14 thoughts on “Wood Finishing Tips | Raising the grain for a smooth finish”

  1. Im not sure you are realy doing it right. You raise the grain … then sandit again a lot. You took the little fibers and the wood to a level were if you re apply mathanol you'll have raised grain again. You should super light sand after raising the grain man usually 320 grit and just barely touch the wood

  2. Hey Brad. I enjoy feeling the wood grain a little bit through the finish. Can I skip this step (in finishing a guitar) and have a little bit of that grain feel at the end? Will there be any problems that arise with that?

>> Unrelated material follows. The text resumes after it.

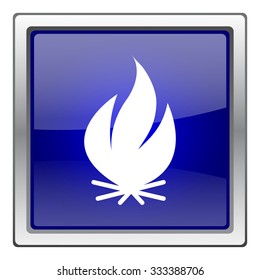 Fire icon. Internet button on white background. EPS10 vector.
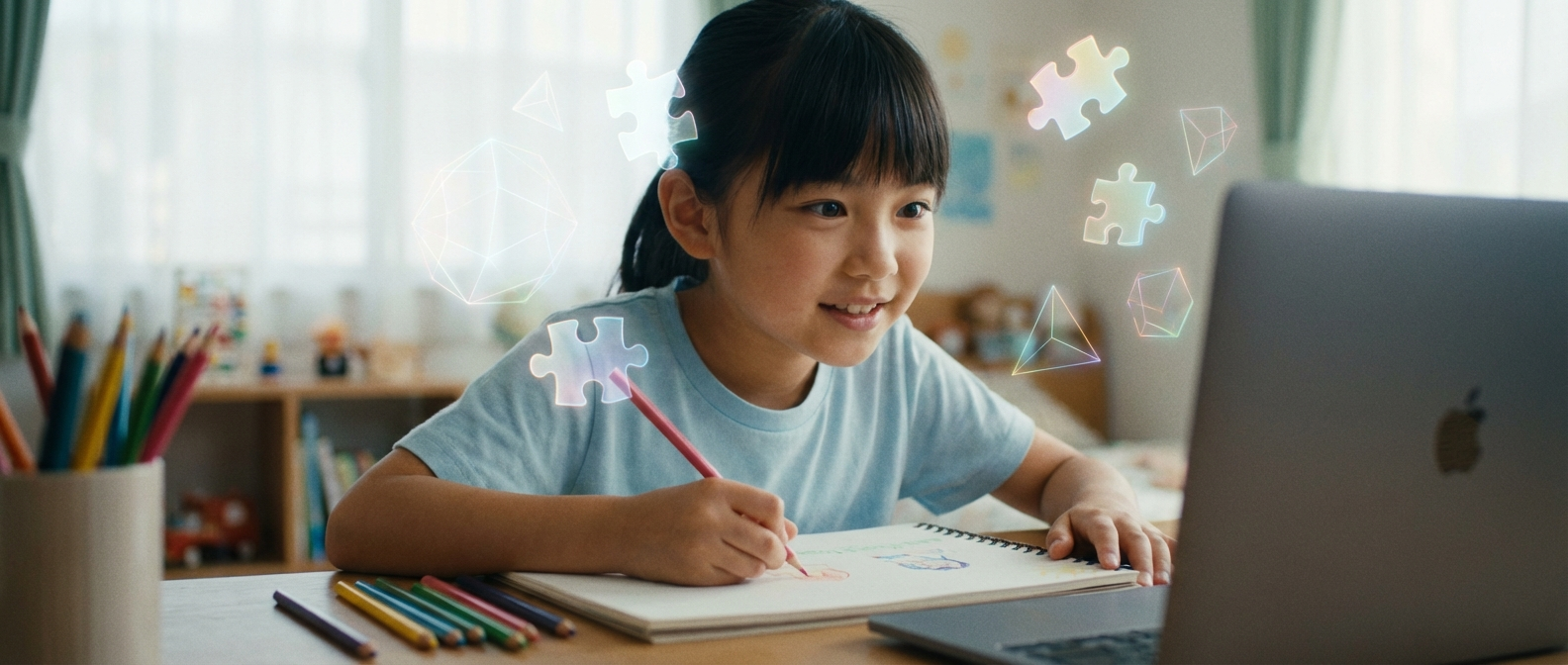 3Dモデリングが、こどもの「考える力」と「表現する力」を育む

    For reference I'm going to stain the Alder body and finish with a Polyurethane Satin, all wipe on.

  3. Methanol is a serious poison and can be absorbed through the skin. Gloves and adequate ventilation would be wise.

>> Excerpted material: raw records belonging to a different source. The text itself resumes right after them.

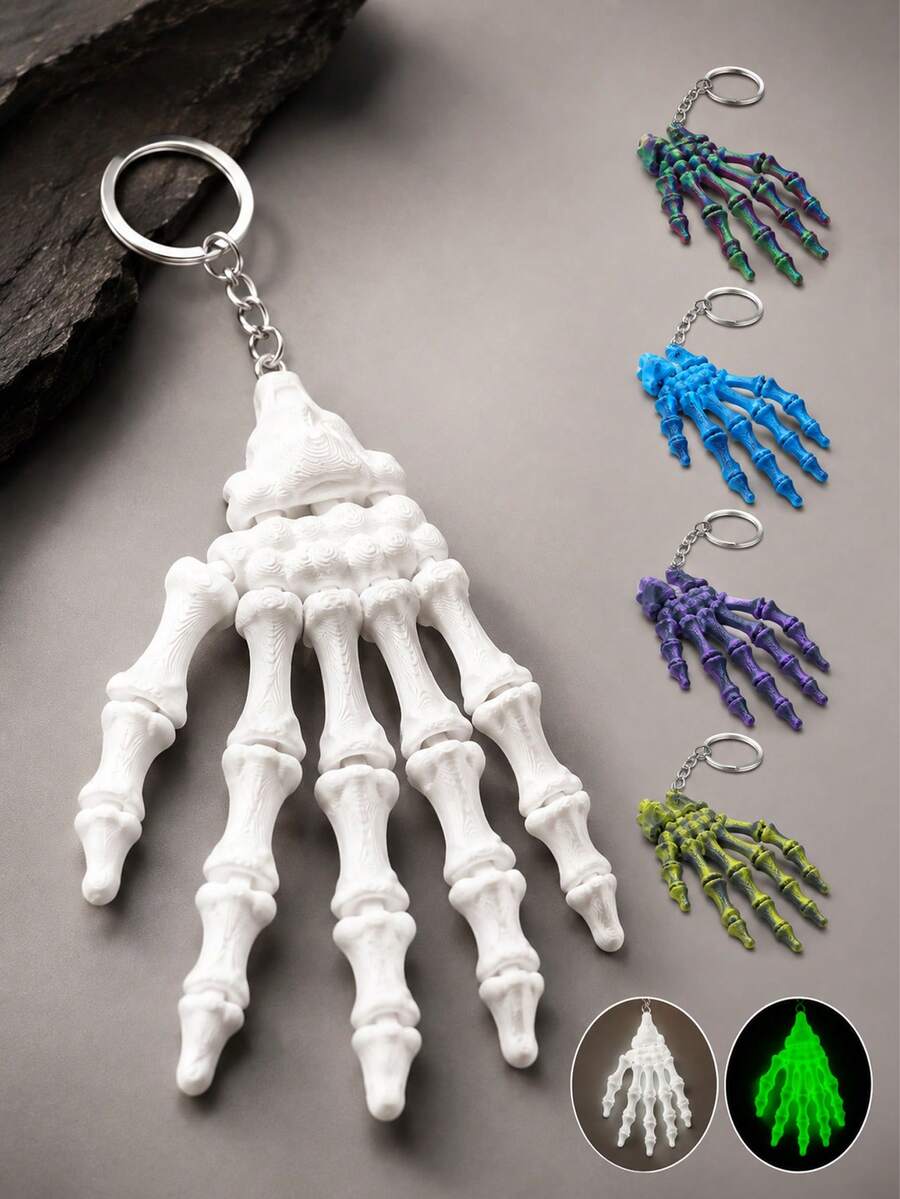 3D Skull Keychain, Halloween Accessory, Fun Skull Keychain, Keychain Bag Pendant, Perfect For Halloween Party And Daily Wear, Ideal Gift For Friends And Family, Decorative Pendant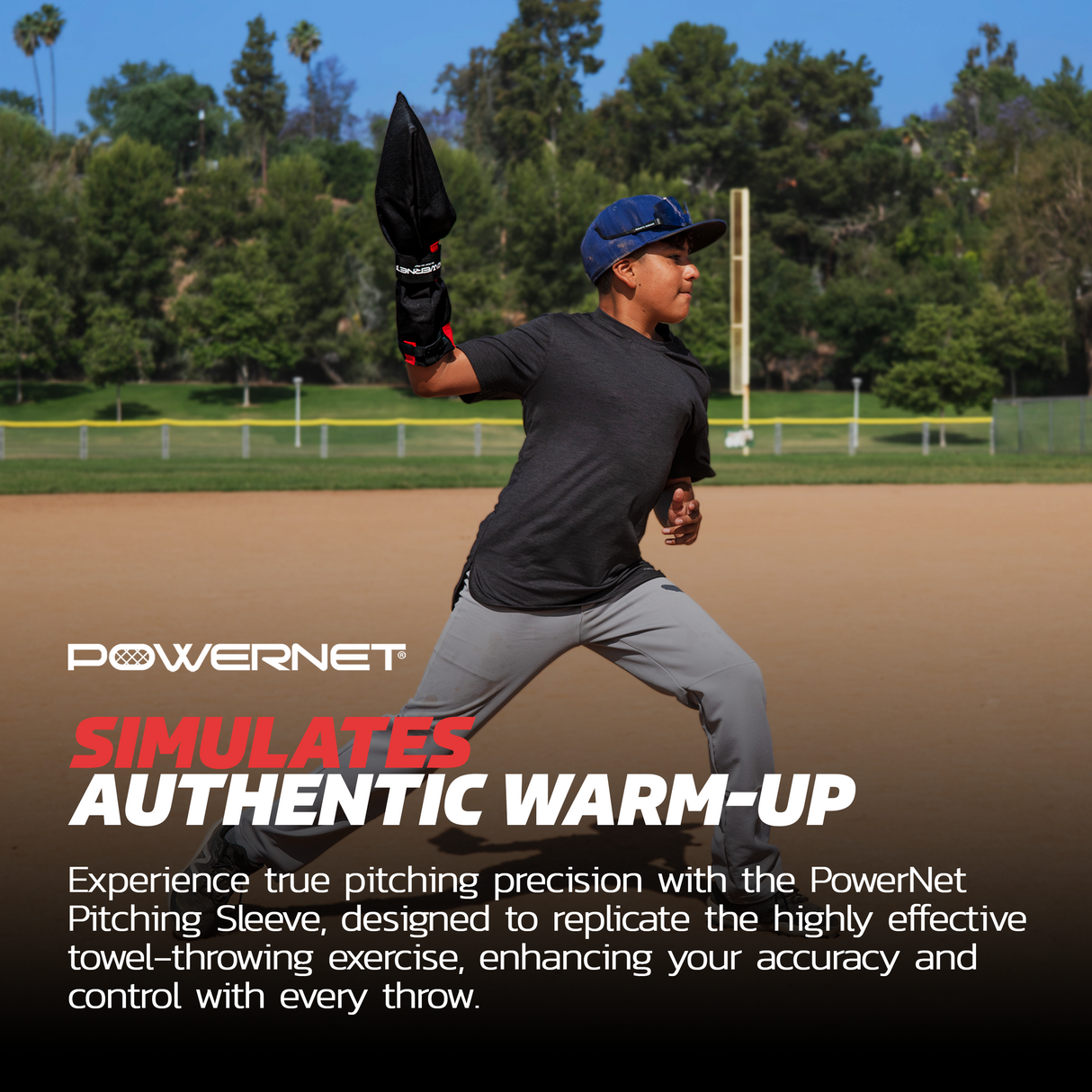 Pitching Sleeve | Baseball Sock Trainer Baseball And Softball Practice Nets PowerNet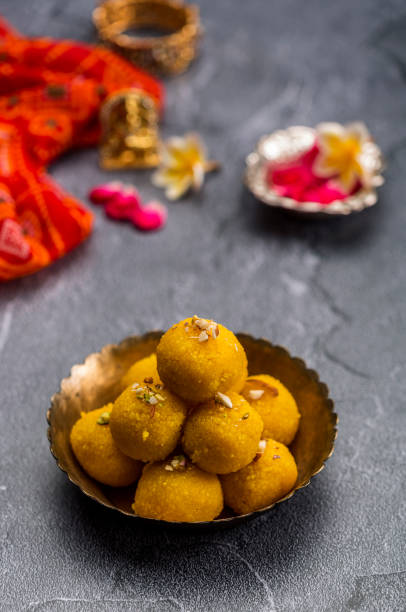 istock Motichoor Laddoo or Laddu 1182645786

  4. Brad I'm so lost, I've looked everywhere online and don't really know what to do 100%. I'm trying to take this guitar kit I have and spray paint it white, I don't want it the body to look grainy or look like it's made out of wood. I'd like the consistency or texture of glass, I'm not sure what steps to take to achieve this or if it's possible. can you please point me in the right direction? thank you so much!

  5. We can't get methanol or denatured in the u.k. so would isopropyl alcohol do the job after grain fill and before staining  ???